:: EXERCISE DIRECTIONS ::
The answer must be only the lines below from the one holding "Municipio de LC" down to the one holding "Real-time Insights, As", ends included, printed exactly; please omit all pictures.

:: DATA SECTION ::
- - - - - - -

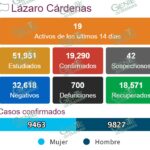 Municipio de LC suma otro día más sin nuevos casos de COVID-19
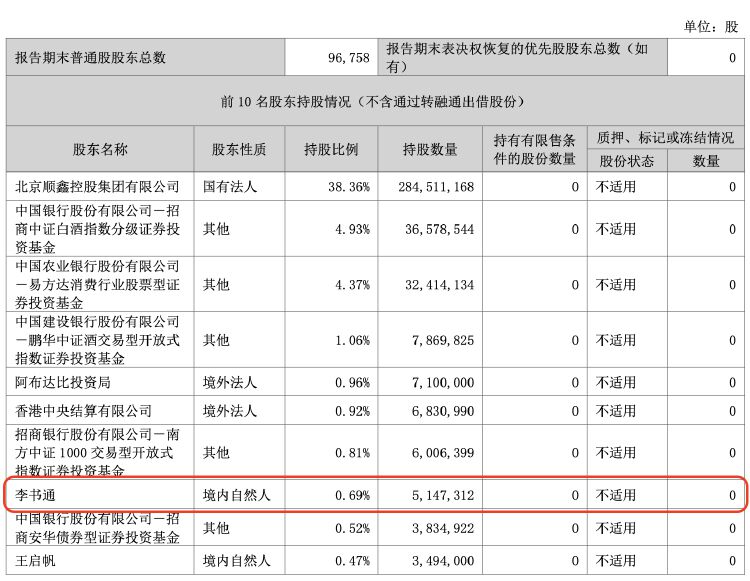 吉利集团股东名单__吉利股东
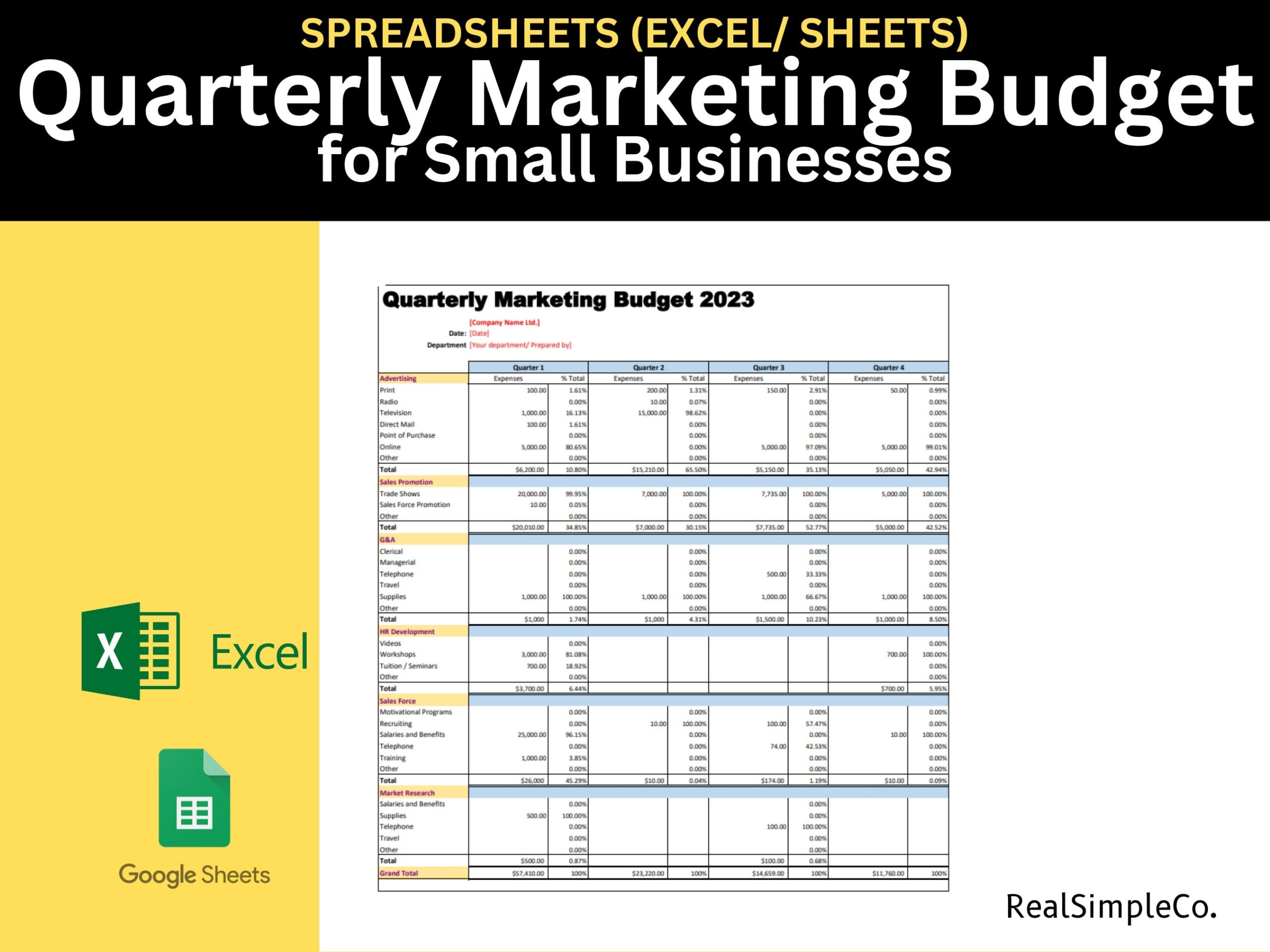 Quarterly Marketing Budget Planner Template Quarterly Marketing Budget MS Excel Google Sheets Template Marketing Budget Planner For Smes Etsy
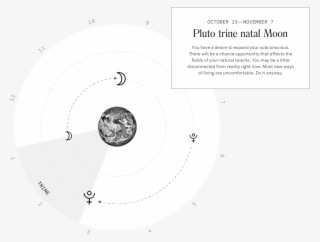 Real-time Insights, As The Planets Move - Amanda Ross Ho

- - - - - - -

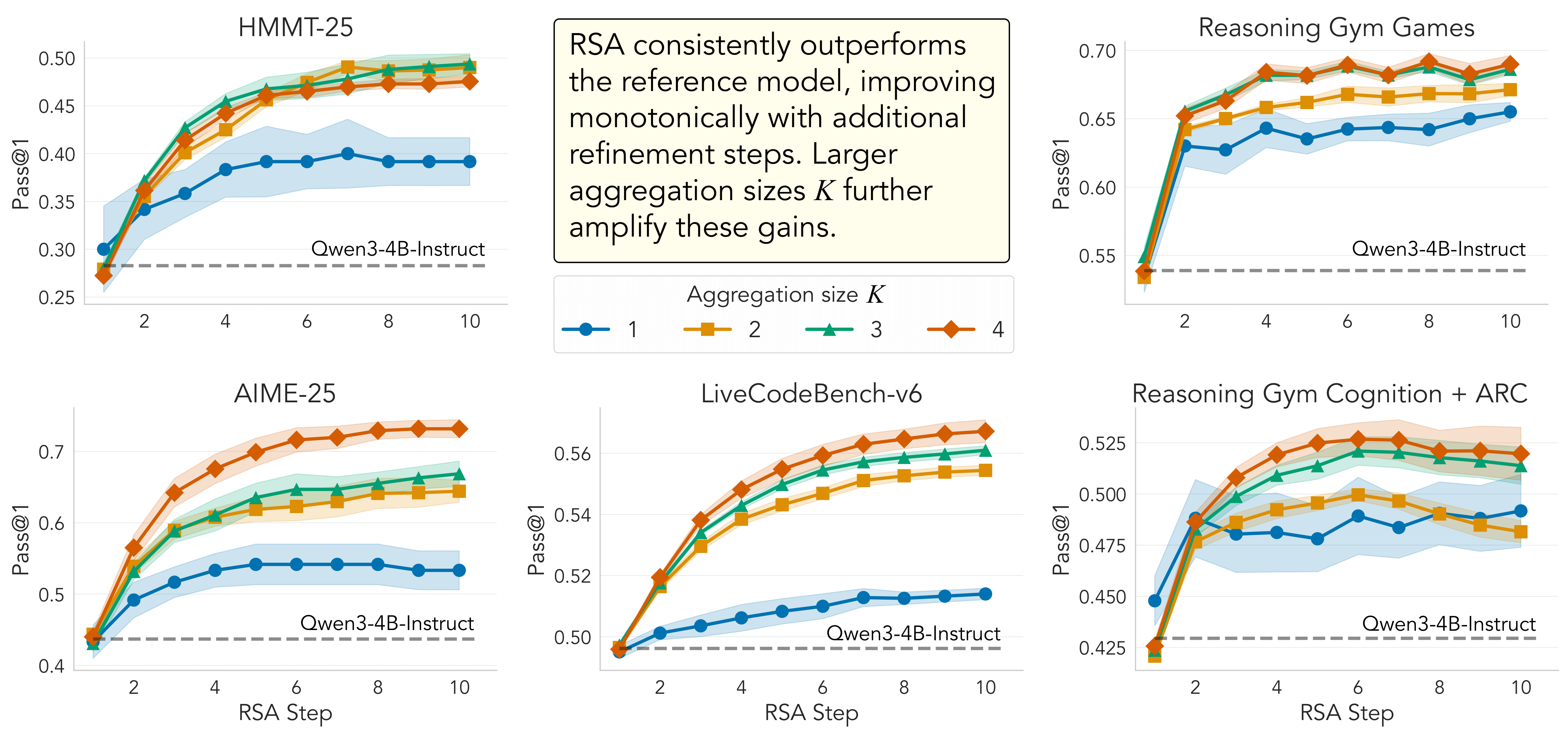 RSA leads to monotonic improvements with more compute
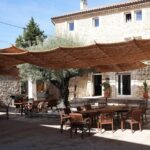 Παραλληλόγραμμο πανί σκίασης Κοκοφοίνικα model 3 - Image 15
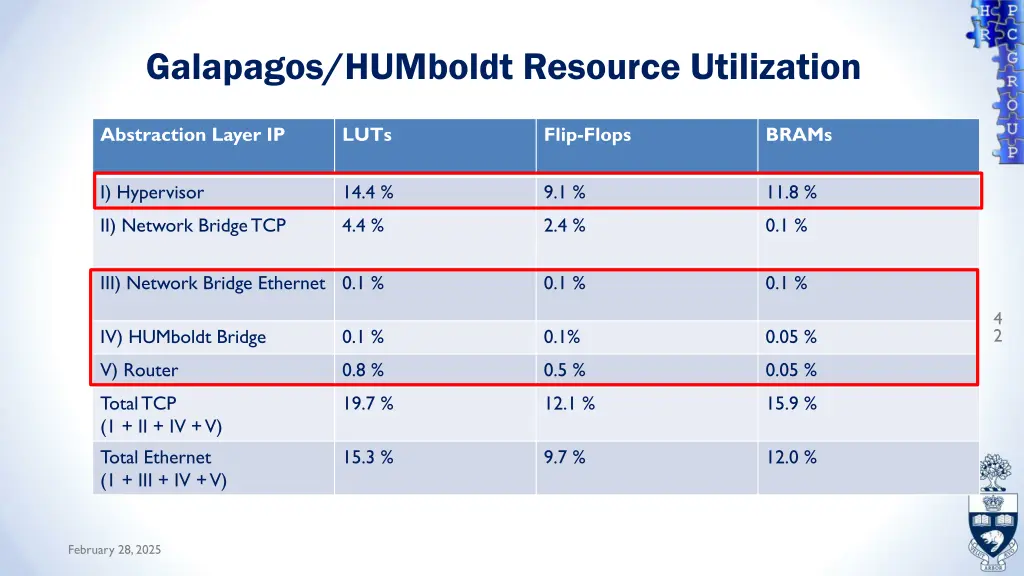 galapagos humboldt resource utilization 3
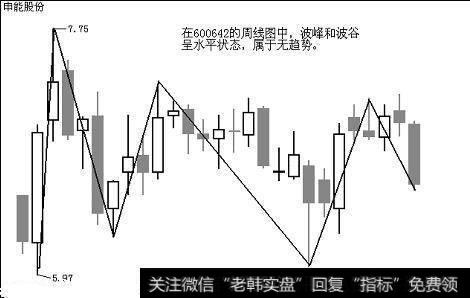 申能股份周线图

- - - - - - -

:: ANSWER TO THIS EXERCISE ::
 Municipio de LC suma otro día más sin nuevos casos de COVID-19
 吉利集团股东名单__吉利股东
 Quarterly Marketing Budget Planner Template Quarterly Marketing Budget MS Excel Google Sheets Template Marketing Budget Planner For Smes Etsy
 Real-time Insights, As The Planets Move - Amanda Ross Ho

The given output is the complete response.